Now New POTUS Sees the Light
The federal apparatus collectively knows its guilty of the failure to act and must now scramble to make up for lost ground, although it can never bring back the lives of the hundreds of thousands of people it could have saved, had it been operating with patients in mind rather than a fixation on power, money, and political maneuvering as its central organizing theme.
But now thanks to the visionary prowess of the current White House regime, another $3.2 billion will be pumped into developing antiviral pills to treat SARS-CoV-2 infections. Perhaps even some of those pills might be ready by the end of the year if all goes according to plan. Undoubtedly, they are referring to the $1.2 billion in subsidy they already contractually committed to Merck.
Now about $18 billion or so of that went into vaccines and several billions in the aggregate to monoclonal antibodies from the likes of Regeneron, Lilly, AstraZeneca, and others that one hears very little in the press about as of late. Perhaps that’s because the money already has changed hands. More than likely the same will happen with the $3.2 billion under the present POTUS but we’ll hope for the best and track the spend and the outcomes regardless.

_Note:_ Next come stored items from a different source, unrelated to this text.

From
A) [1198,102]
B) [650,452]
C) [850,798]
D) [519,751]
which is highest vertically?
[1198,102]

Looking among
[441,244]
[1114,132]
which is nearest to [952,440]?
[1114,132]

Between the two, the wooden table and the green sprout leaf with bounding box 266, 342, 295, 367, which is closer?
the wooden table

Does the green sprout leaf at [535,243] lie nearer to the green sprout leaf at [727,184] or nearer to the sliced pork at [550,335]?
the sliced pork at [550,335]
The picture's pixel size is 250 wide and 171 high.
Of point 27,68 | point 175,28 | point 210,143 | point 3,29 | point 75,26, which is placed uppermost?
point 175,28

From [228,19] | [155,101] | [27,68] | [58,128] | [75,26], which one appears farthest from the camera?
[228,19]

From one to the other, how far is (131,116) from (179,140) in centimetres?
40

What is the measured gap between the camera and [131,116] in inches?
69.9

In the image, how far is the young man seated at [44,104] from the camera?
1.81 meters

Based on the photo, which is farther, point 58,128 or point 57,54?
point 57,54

Any Indication of Current Spend Preferences?
Well, how about $1.2 billion, for a start, to secure doses from Merck for a limited drug that has a litany of challenges as discussed recently in “Merck’s Incredible Quest for the COVID-19 Blockbuster: A Tainted Path to Early Onset Mild to Moderate COVID-19 Therapy.” Why does Merck need a taxpayer-based secured commitment? They already received $356 million of taxpayer money just in December for the development of a potential COVID-19 vaccine. Perhaps its because they are “at risk” in making the stuff. You bet they are at risk because more than likely a sizeable market for the drug will never materialize in the first place. Hence why the once-great American pharmaceutical company wants a subsidy if they can progress the drug to EUA or approval.
Rest assured, TrialSite will track the spend on NIAID’s Antiviral Program for Pandemics carefully.